The Insolvency and Bankruptcy Code (IBC), notified in 2016, has been the key mechanism for addressing corporate distress and the accumulation of bad loans in the financial sector since its implementation. Recent National Company Law Tribunal (NCLT) rulings have also put the spotlight on the IBC. In a conversation moderated by Suresh Seshadri, Aparna Ravi and R.K. Bansal discuss questions about the effectiveness of the process and the road ahead. Edited excerpts:

It has been five years since the IBC came into force. How has it fared and what are its biggest challenges?
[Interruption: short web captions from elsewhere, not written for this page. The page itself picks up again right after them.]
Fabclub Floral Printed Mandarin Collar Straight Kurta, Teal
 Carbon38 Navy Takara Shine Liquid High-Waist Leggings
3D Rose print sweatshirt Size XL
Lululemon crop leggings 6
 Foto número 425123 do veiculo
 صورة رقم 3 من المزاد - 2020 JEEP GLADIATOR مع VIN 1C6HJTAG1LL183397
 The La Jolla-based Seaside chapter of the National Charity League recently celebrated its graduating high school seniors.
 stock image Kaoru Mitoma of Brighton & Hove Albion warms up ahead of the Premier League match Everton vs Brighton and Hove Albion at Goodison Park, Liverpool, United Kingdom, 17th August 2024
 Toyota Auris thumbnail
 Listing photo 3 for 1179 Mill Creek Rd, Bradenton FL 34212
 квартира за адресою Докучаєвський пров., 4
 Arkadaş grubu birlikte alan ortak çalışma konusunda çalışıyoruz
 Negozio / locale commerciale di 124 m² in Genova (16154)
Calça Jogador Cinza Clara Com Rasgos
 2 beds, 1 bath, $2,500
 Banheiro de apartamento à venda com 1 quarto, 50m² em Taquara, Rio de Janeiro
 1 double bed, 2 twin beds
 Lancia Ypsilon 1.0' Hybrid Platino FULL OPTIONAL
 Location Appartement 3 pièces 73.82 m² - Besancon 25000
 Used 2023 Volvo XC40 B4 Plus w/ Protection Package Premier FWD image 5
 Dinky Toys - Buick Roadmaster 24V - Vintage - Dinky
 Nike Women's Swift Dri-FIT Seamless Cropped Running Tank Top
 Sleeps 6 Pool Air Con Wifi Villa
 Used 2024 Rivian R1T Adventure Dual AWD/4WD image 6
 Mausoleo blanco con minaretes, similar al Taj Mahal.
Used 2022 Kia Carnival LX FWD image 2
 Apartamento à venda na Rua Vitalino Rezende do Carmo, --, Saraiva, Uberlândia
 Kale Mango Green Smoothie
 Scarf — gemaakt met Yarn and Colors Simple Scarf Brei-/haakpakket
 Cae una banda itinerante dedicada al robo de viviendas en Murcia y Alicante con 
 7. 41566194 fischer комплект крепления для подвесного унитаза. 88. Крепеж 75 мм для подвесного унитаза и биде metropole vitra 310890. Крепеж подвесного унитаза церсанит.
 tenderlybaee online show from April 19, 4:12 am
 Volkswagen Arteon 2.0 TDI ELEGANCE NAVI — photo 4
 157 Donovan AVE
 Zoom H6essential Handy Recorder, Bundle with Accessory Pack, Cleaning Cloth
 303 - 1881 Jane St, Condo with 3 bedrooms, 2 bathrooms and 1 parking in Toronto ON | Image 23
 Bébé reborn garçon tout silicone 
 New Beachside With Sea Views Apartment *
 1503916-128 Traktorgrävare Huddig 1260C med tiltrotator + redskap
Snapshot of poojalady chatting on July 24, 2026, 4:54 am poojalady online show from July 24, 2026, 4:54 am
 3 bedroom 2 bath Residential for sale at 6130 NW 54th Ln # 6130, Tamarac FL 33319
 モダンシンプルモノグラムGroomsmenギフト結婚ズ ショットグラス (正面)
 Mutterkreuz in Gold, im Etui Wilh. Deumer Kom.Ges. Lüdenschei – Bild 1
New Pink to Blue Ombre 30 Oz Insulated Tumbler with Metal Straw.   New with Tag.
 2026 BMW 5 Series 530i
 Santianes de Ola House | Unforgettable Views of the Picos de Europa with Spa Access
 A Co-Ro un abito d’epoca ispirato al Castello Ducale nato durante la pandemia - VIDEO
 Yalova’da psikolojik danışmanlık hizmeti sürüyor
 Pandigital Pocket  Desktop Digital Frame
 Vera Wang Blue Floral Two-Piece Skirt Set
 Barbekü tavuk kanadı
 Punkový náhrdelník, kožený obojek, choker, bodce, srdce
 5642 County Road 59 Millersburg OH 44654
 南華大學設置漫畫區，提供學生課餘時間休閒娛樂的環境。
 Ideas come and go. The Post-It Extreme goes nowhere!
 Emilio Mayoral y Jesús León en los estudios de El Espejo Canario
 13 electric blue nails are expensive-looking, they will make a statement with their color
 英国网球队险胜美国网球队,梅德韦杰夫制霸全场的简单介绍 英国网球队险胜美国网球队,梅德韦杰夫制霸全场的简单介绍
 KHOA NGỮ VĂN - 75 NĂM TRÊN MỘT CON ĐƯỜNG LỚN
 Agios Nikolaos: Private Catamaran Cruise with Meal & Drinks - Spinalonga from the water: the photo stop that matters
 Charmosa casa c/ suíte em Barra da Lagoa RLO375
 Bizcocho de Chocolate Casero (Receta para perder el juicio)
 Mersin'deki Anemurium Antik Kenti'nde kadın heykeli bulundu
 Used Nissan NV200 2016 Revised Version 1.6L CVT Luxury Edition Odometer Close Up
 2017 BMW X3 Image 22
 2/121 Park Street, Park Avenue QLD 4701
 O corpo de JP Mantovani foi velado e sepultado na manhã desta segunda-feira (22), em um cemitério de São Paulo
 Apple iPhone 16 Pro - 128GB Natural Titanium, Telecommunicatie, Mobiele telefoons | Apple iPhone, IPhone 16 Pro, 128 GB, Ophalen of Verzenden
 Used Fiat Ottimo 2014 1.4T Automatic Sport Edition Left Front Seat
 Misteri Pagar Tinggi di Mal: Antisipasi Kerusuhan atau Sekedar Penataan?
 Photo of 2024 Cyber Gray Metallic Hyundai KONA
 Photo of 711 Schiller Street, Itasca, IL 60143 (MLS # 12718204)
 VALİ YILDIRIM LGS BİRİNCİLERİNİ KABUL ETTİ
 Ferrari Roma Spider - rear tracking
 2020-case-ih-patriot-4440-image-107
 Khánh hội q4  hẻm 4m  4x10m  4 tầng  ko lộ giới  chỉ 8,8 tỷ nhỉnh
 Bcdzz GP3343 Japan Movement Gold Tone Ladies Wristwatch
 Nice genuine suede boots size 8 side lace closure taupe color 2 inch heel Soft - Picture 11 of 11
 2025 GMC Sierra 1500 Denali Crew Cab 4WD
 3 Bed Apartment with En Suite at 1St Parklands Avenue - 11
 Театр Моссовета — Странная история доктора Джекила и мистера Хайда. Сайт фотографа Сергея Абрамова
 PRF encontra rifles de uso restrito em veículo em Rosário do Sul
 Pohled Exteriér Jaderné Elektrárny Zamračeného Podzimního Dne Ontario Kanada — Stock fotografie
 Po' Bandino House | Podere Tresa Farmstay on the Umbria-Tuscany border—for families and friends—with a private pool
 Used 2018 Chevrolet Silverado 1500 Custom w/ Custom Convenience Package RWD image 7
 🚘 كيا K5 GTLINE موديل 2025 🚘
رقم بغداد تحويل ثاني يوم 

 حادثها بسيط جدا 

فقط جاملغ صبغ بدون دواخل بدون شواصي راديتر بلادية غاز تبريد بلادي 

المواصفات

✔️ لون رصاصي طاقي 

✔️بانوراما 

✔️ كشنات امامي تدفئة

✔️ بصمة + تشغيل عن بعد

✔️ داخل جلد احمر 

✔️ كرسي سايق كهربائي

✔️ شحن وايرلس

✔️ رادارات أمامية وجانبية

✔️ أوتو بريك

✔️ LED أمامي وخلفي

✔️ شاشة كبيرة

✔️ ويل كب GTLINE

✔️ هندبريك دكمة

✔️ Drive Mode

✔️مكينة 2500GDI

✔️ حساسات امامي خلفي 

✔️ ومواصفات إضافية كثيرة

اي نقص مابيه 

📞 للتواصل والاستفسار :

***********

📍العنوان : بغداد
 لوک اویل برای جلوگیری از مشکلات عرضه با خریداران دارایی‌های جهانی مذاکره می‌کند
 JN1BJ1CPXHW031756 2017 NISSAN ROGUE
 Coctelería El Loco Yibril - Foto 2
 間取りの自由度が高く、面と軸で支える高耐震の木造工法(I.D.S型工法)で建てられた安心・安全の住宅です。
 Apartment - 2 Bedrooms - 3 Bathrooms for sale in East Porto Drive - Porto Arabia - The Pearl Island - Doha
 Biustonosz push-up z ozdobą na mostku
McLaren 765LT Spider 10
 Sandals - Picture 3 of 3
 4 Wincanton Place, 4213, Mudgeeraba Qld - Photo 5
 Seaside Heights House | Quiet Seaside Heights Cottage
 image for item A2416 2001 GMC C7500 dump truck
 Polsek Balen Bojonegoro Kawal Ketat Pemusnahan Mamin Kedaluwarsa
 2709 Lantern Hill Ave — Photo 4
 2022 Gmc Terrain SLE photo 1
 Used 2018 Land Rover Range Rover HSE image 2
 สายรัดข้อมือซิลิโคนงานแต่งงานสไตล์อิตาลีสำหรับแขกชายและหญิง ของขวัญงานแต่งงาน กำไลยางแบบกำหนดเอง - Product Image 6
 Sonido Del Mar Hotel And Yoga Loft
R.K. Bansal: One basic difference between us and other countries is that our companies are mainly promoter-owned and owners run the companies. In most of the developed countries, companies are run by professionals and the ownership is widely spread. Here, because it is owned and controlled as well as managed by mostly the same people, that creates a problem in taking over the asset.

 

I think, overall, over the last five years, it has done quite well. And Section 29A [of the IBC], which was introduced by the government later, also helped in resolving some of these problems.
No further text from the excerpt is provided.